Cluster luck: creating London's Ukulele Quarter
In the world of town planning it is called agglomeration – the way that shops selling similar goods deliberately cluster together, thus benefitting from reduced economies of scale. These agglomerations come in many forms – the western half of Oxford Street, for instance, with its four huge department stores all in a line. You could say that any food market is an agglomeration, or the museums of South Kensington, or the music shops of Denmark Street's Tin Pan Alley. At their best, these are wonderful natural antidotes to the bland non-places of contemporary urban planning, as described in a brilliant new book, 'Ground Control' by Anna Minton.

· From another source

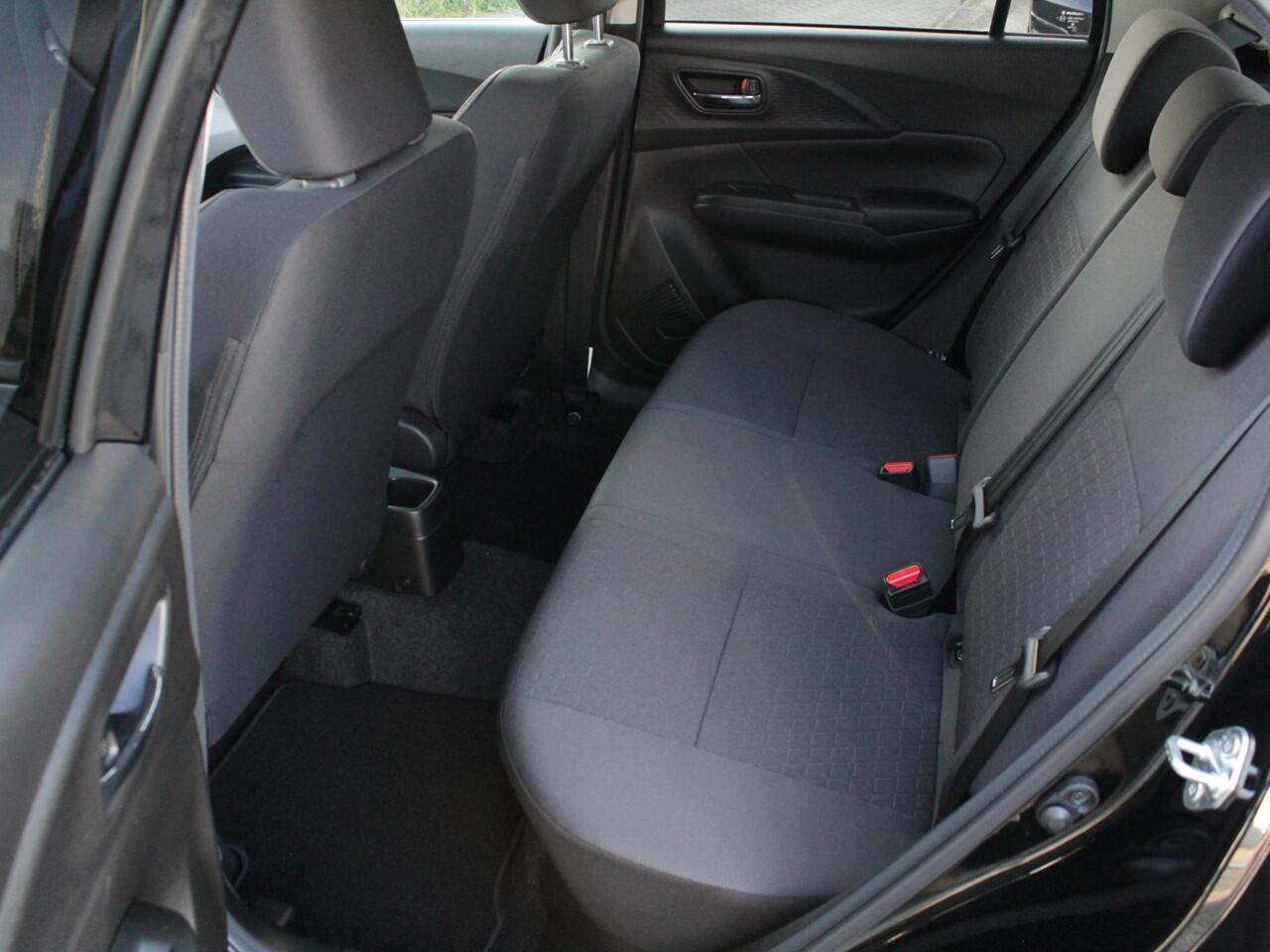 Suzuki SWIFT 1.2 Style Smart Hybrid | ¤ 1500,- FRISSE START VOORDEEL! | Snel rijden!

Time Out’s HQ is located in the middle of one of London's best-known agglomerations – the electronic shops of Tottenham Court Road. But it’s the smaller examples that interest me, the easily overlooked ones that feature only a couple of unlikely looking retailers and haven't yet been adequately christened. In America, they celebrate their clusters by giving them brilliant names like the Meatpacking District or the Garment District, and I think it’s time London took the same approach with its less obvious, more interesting agglomerations. (I may have whinged before about property developers insidious habit of giving established historic areas ridiculous new names in a pathetic attempt at rebranding but this is different because I am a hypocrite.)

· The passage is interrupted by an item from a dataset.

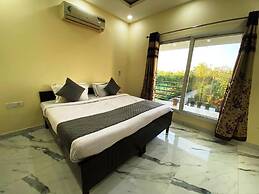 GoBravo 72 - 3BHK Farm with Pool & Garden Sec150 Noida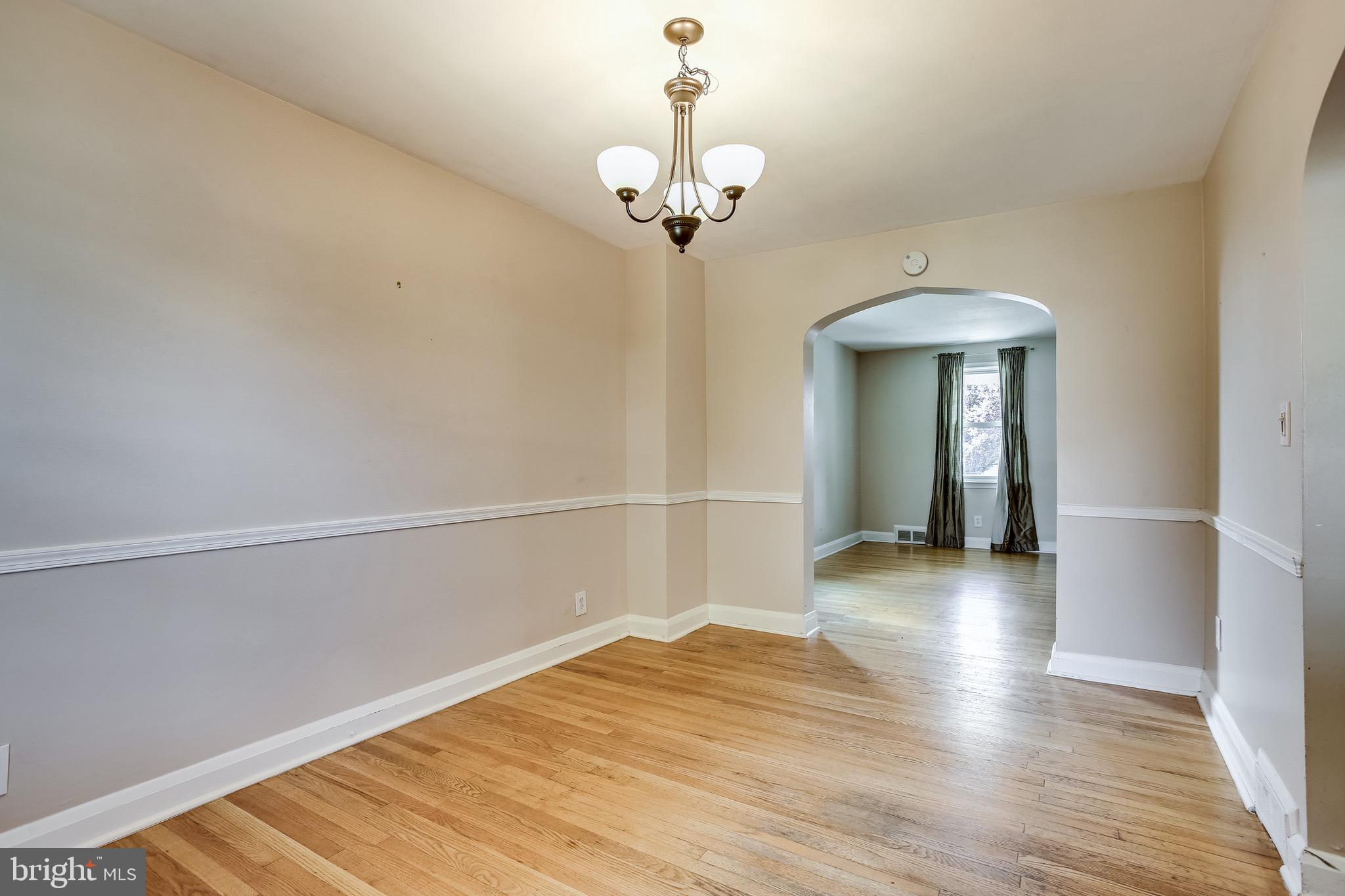 1058 Downton Road Baltimore, MD 21227 - Photo 10 of 31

So, cutting to the chase, here are a handful of London clusters and what they should be called. Feel free to drop these into everyday conversation – ‘Do you want to meet in that gay café in Koreatown’, for instance – so you look more edgy.
The Comic Strip
The area south of the British Museum where you’ll find Comicana, Gosh and Forbidden Planet. Not actually a strip, but graphic novels aren’t actually novels. Check out this great map of the comic shops of the West End.
The three Mexican restaurants (well, one is a stall) that are in close proximity around Goodge Street. So called because if you mapped them, they would look like a tortilla chip (also known as a triangle). First blogged about here.
Parade of shops on St Giles High Street behind Centre Point that is almost completely occupied by Korean restaurants and caterers, except for a newsagent and, curiously, a gay cafe.
The teeming Spanish bars and tapas joints of lower Hanway Street (there’s only two now, but there used to be loads. Well, three). Alexei Sayle mentions it in passing here, but this is a more evocative description.
The Ukulele Quarter
Okay, so it’s just one shop – the Duke of Uke off Brick Lane – but imagine how cool it would be if we could direct tourists to London’s Ukulele Quarter? Believe London, and we can make it happen.